In the present invention, "%" is mass percent, acid value is in mg/g in KOH and peroxide value is in meq/kg unless otherwise specified.
Another object of the present invention is to provide a fat and oil obtained by the above fat and oil extraction method.
Still another object of the present invention is to provide a microbial crude oil obtained by extraction with a solvent method, wherein the polyunsaturated fatty acid content is higher than 40%, the phospholipid content is not higher than 160ppm, the acid value is not higher than 2 (mg/g in KOH), the solvent residue is not higher than 100ppm, the peroxide value is not higher than 1meq/kg, the anisidine value is not higher than 5, and the impurity content in the oil is not higher than 5%. By optimizing the process of extracting the grease, the impurity content can be less than 1%.
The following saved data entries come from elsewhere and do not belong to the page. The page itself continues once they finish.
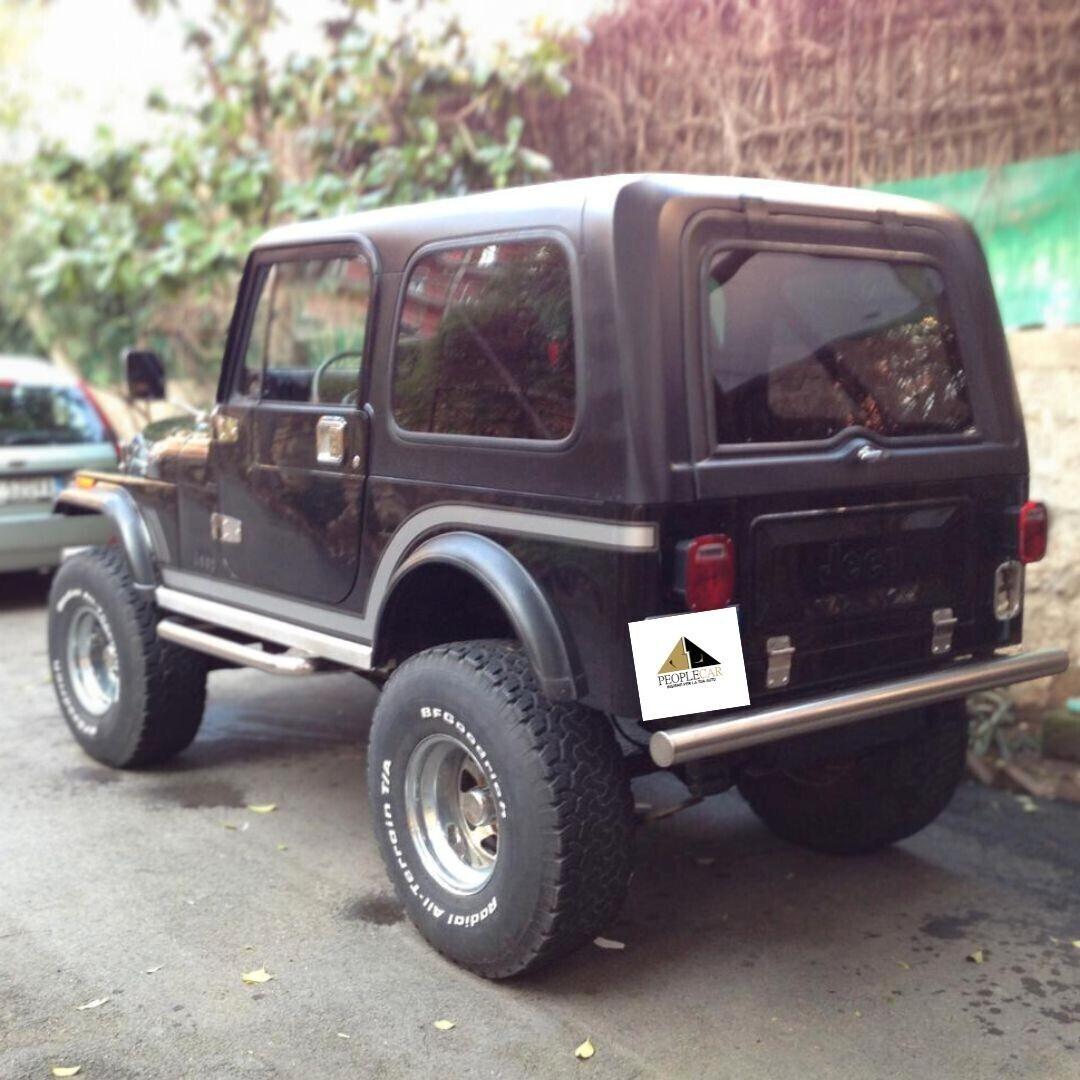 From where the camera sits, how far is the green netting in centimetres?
563

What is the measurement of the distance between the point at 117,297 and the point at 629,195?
963cm

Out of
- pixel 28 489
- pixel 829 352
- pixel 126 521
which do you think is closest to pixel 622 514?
pixel 829 352

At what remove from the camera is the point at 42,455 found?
7.97 metres

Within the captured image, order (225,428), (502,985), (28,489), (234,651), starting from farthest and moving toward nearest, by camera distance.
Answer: (28,489)
(225,428)
(234,651)
(502,985)

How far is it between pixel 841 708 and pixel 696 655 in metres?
0.49

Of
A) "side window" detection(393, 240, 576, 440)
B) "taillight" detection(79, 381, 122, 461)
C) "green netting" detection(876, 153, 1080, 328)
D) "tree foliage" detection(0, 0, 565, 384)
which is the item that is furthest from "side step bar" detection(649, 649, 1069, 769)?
"taillight" detection(79, 381, 122, 461)

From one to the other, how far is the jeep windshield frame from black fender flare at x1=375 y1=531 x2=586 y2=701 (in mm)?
607

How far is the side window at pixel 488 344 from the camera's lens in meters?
3.41

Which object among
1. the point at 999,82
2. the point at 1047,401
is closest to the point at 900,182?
the point at 999,82

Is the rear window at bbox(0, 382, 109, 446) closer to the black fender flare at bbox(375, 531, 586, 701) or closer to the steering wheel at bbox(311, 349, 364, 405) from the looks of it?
the steering wheel at bbox(311, 349, 364, 405)

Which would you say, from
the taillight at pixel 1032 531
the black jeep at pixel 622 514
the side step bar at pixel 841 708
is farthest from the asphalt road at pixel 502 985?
the taillight at pixel 1032 531

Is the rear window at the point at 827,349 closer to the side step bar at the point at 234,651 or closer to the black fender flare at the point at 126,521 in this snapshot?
the side step bar at the point at 234,651

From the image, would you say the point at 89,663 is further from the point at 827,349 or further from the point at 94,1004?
the point at 827,349

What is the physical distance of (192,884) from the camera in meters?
4.23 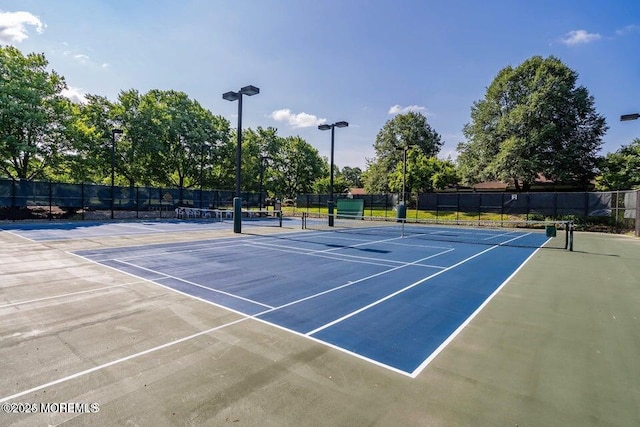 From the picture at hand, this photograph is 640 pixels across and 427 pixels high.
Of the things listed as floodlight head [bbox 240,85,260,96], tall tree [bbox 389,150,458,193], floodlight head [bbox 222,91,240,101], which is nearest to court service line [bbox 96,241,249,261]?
floodlight head [bbox 240,85,260,96]

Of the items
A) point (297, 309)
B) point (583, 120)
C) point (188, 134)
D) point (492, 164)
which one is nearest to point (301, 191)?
point (188, 134)

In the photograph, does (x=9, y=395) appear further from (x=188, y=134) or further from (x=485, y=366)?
(x=188, y=134)

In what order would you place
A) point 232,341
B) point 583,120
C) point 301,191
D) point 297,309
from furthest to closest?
point 301,191 < point 583,120 < point 297,309 < point 232,341

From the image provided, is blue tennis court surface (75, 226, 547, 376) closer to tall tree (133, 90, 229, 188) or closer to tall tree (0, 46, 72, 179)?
tall tree (0, 46, 72, 179)

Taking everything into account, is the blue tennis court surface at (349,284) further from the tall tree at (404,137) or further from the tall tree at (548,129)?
the tall tree at (404,137)

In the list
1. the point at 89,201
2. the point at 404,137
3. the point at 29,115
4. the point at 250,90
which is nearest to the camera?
the point at 250,90

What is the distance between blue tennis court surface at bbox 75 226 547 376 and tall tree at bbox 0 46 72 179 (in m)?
23.0

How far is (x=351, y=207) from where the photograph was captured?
35.0m

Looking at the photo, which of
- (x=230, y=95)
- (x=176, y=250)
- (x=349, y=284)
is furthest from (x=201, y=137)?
(x=349, y=284)

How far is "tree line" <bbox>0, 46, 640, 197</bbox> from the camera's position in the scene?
2756 centimetres

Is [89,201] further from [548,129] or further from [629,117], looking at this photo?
[548,129]

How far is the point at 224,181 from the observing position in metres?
42.9

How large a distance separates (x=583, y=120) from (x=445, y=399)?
135ft

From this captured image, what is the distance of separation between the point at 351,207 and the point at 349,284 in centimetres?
2761
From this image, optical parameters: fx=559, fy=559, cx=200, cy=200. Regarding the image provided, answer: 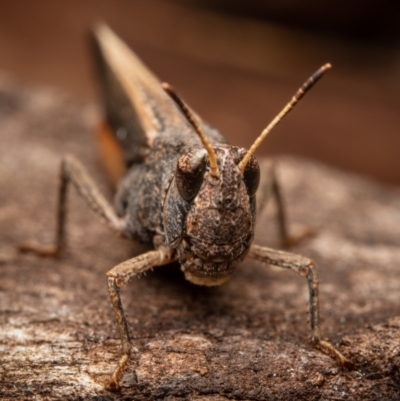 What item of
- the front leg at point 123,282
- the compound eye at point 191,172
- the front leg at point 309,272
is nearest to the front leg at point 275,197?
the front leg at point 309,272

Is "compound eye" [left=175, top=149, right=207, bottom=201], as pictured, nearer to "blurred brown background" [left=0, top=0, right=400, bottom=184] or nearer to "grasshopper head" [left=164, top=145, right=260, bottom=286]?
"grasshopper head" [left=164, top=145, right=260, bottom=286]

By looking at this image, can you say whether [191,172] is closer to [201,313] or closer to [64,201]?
[201,313]

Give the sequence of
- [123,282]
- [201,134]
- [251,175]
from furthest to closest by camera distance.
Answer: [123,282] < [251,175] < [201,134]

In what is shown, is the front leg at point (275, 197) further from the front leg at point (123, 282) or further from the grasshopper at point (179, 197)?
the front leg at point (123, 282)

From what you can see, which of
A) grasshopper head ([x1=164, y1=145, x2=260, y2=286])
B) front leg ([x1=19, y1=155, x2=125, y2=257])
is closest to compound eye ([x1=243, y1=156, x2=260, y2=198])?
grasshopper head ([x1=164, y1=145, x2=260, y2=286])

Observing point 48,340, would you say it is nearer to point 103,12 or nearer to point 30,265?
point 30,265

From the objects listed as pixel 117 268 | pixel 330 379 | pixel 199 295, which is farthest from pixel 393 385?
pixel 117 268

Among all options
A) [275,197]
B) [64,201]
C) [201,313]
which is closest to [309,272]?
[201,313] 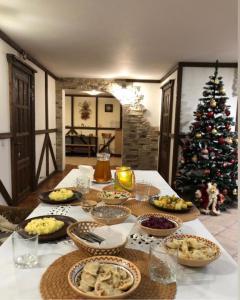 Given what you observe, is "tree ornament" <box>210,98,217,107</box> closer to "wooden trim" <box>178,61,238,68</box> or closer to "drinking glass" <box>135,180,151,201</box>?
"wooden trim" <box>178,61,238,68</box>

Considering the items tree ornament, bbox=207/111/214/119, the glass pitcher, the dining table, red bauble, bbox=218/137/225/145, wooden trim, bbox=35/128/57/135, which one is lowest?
the dining table

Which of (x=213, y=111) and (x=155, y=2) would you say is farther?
(x=213, y=111)

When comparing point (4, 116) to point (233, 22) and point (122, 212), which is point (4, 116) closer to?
point (122, 212)

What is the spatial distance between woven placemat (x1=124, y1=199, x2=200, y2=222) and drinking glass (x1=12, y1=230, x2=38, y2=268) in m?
0.60

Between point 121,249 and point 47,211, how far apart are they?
64 cm

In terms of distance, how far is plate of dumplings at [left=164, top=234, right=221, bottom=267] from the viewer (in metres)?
0.90

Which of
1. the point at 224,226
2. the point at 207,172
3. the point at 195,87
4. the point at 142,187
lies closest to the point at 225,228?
the point at 224,226

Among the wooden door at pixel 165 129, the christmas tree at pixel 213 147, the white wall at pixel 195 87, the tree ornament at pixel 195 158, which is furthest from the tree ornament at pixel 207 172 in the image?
the wooden door at pixel 165 129

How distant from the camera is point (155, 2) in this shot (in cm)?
226

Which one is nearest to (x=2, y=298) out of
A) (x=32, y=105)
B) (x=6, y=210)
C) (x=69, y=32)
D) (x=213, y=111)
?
(x=6, y=210)

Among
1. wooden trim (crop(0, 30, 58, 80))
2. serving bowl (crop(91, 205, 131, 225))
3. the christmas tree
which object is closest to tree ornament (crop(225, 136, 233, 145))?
the christmas tree

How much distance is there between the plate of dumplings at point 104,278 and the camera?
28.9 inches

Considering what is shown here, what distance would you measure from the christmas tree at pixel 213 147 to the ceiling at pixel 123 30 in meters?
0.76

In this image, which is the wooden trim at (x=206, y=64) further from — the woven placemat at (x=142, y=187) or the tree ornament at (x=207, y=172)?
the woven placemat at (x=142, y=187) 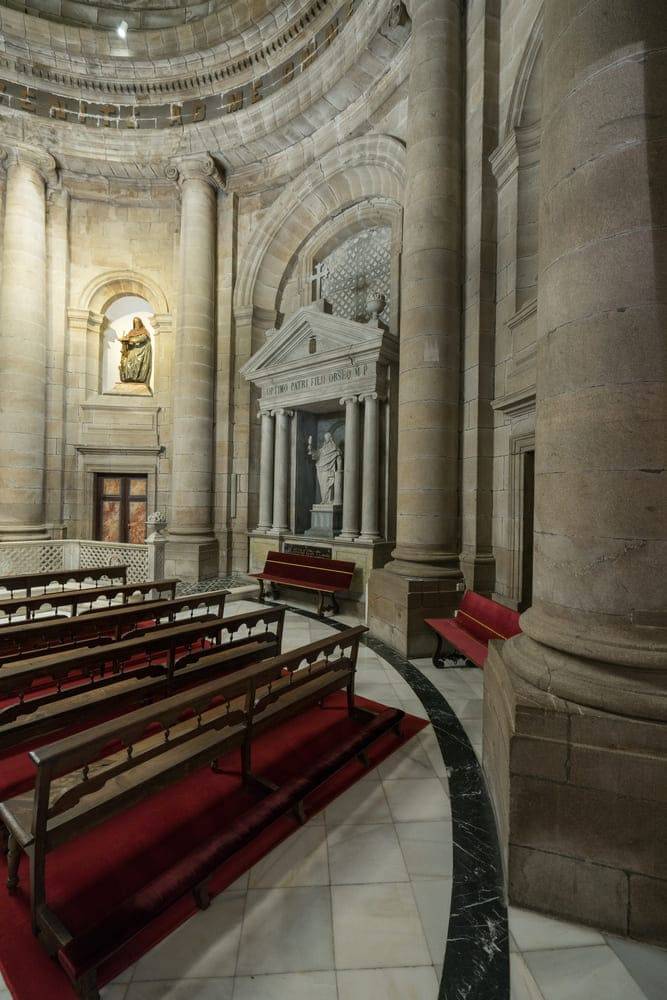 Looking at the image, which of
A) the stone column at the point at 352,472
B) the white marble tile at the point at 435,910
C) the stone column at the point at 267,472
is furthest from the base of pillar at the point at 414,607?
the stone column at the point at 267,472

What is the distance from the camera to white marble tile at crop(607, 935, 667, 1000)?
5.80 ft

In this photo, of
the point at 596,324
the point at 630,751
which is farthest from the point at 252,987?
the point at 596,324

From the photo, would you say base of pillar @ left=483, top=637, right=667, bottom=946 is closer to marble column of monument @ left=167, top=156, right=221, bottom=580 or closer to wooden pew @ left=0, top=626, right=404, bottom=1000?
wooden pew @ left=0, top=626, right=404, bottom=1000

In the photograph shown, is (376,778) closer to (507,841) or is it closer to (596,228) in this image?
(507,841)

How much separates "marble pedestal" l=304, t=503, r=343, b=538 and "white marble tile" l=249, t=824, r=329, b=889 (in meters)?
6.45

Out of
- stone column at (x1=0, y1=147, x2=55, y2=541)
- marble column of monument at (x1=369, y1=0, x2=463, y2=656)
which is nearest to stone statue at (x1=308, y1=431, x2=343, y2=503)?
marble column of monument at (x1=369, y1=0, x2=463, y2=656)

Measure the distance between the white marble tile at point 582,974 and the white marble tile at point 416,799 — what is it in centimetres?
87

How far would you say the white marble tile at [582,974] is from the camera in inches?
68.9

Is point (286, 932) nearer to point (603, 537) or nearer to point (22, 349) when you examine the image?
point (603, 537)

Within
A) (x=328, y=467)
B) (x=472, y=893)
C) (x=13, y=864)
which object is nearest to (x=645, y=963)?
(x=472, y=893)

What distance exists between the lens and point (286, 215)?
33.9ft

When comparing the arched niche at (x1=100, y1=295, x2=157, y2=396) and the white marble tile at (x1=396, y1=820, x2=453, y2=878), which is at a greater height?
the arched niche at (x1=100, y1=295, x2=157, y2=396)

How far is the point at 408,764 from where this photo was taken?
10.7 ft

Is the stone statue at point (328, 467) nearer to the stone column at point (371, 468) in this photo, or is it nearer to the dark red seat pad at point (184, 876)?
the stone column at point (371, 468) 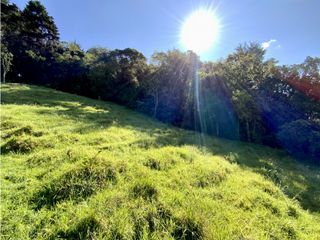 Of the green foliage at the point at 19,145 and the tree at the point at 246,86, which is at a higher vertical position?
the tree at the point at 246,86

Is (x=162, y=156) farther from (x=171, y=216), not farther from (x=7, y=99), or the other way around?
(x=7, y=99)

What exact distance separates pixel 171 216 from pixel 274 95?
19789 millimetres

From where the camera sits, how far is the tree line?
1958 cm

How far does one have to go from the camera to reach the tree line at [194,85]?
64.2 feet

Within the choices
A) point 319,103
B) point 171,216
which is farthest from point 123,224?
point 319,103

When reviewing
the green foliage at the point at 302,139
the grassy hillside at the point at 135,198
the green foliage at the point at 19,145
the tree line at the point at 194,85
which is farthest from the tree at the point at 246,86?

In the field, as the crude oil can be refined to obtain the finished oil, the index control attention on the crude oil is not high, and the crude oil obtained by solvent extraction has very high solvent residue which can reach 3000ppm, and the phospholipid content in the crude oil can reach 800ppm, so that the direct application requirement is difficult to meet. The index-controlled microbial crude oil, particularly DHA crude oil, provided by the invention, has the DHA content of 40% or more, and the index control difficulty of DHA grease is highest due to the high unsaturation degree of DHA.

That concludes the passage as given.